Abraham Lincoln was a realist. At a time when many in the country, including most politicians, were desperately seeking a way to keep the slavery issue under wraps, Lincoln had already recognized that the South’s “peculiar institution” wasn’t going to just shrivel up and blow away on its own.
That’s what Lincoln wrote in a letter to a friend in 1855. Judge George Robertson was a former Congressman from Kentucky who had represented Lincoln in a family-related legal proceeding. Although Robertson was a slaveowner, he thought that slavery would one day disappear. But he didn’t expect or desire it to happen anytime soon. In fact, when Lincoln issued the Preliminary Emancipation Proclamation in September 1862, Robertson vehemently opposed it.
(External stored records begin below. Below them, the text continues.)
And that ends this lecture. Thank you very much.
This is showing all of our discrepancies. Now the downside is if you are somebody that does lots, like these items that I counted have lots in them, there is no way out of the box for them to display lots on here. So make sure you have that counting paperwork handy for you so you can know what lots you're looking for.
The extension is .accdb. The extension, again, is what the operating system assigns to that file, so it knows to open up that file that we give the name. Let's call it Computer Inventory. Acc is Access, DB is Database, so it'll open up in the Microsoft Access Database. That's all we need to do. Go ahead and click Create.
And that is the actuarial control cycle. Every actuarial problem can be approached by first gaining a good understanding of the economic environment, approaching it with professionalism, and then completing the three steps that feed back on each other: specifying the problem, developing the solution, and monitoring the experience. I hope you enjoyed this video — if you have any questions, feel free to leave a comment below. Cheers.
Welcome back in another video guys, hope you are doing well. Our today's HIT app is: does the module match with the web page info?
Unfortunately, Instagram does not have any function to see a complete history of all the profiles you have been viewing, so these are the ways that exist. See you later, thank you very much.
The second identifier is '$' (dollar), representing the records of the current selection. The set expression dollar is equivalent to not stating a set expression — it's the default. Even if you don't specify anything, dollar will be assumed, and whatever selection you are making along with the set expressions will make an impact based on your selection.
He wanted fugitive slaves in Kentucky returned to their owners, and when one of his own ran away to a Union army camp and was not returned, he sued. That sequence of events put something of a strain on his relationship with Lincoln.
But in 1855 their relationship was still intact, and Robertson sent Lincoln copies of his writings and speeches concerning slavery. Lincoln’s reply shows that even then, six years before Ft. Sumter, he saw clearly that slavery would not end without a fight. Here’s Lincoln’s letter:
Springfield, Illinois, August 15, 1855
Hon: Geo. Robertson
My Dear Sir:
The volume you left for me has been received. I am really grateful for the honor of your kind remembrance, as well as for the book. The partial reading I have already given it, has afforded me much of both pleasure and instruction. It was new to me that the exact question which led to the Missouri compromise, had arisen before it arose in regard to Missouri; and that you had taken so prominent a part in it. Your short, but able and patriotic speech upon that occasion, has not been improved upon since, by those holding the same views; and, with all the lights you then had, the views you took appear to me as very reasonable.
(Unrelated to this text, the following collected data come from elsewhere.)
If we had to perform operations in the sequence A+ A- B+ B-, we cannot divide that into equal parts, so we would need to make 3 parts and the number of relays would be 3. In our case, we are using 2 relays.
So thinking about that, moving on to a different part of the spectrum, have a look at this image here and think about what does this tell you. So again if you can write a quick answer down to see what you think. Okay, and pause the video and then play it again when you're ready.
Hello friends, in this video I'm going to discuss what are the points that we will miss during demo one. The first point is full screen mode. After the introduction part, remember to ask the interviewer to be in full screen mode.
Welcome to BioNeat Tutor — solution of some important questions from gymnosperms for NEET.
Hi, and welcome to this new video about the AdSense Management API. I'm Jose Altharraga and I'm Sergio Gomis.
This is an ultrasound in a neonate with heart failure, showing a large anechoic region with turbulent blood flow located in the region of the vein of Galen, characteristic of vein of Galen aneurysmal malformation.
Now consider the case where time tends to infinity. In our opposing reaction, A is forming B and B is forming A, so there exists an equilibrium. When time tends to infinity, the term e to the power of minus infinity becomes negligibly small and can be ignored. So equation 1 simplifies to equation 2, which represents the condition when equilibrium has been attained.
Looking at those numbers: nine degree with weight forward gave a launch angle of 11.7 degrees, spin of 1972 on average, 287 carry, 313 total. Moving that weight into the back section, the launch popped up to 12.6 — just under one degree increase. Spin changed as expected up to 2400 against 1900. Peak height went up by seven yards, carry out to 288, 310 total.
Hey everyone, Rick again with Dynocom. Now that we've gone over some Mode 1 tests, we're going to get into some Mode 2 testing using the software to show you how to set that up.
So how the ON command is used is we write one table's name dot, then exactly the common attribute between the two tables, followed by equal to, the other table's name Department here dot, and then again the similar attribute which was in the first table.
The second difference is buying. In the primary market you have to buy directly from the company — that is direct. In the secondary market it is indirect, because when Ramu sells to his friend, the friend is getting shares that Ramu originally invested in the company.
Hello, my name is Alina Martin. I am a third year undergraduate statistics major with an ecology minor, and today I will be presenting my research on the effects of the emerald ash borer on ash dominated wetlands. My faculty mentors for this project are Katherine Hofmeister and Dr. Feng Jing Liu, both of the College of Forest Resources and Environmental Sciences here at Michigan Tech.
You are not a friend of slavery in the abstract. In that speech you spoke of “the peaceful extinction of slavery” and used other expressions indicating your belief that the thing was, at some time, to have an end. Since then we have had thirty six years of experience; and this experience has demonstrated, I think, that there is no peaceful extinction of slavery in prospect for us. The signal failure of Henry Clay, and other good and great men, in 1849, to effect any thing in favor of gradual emancipation in Kentucky, together with a thousand other signs, extinguishes that hope utterly. On the question of liberty, as a principle, we are not what we have been. When we were the political slaves of King George, and wanted to be free, we called the maxim that “all men are created equal” a self evident truth; but now when we have grown fat, and have lost all dread of being slaves ourselves, we have become so greedy to be masters that we call the same maxim “a self evident lie” The fourth of July has not quite dwindled away; it is still a great day—for burning fire-crackers!!!
That spirit which desired the peaceful extinction of slavery, has itself become extinct, with the occasion, and the men of the Revolution. Under the impulse of that occasion, nearly half the states adopted systems of emancipation at once; and it is a significant fact, that not a single state has done the like since. So far as peaceful, voluntary emancipation is concerned, the condition of the negro slave in America, scarcely less terrible to the contemplation of a free mind, is now as fixed, and hopeless of change for the better, as that of the lost souls of the finally impenitent. The Autocrat of all the Russias will resign his crown, and proclaim his subjects free republicans sooner than will our American masters voluntarily give up their slaves.
Our political problem now is “Can we, as a nation, continue together permanently — forever — half slave, and half free?” The problem is too mighty for me. May God, in his mercy, superintend the solution.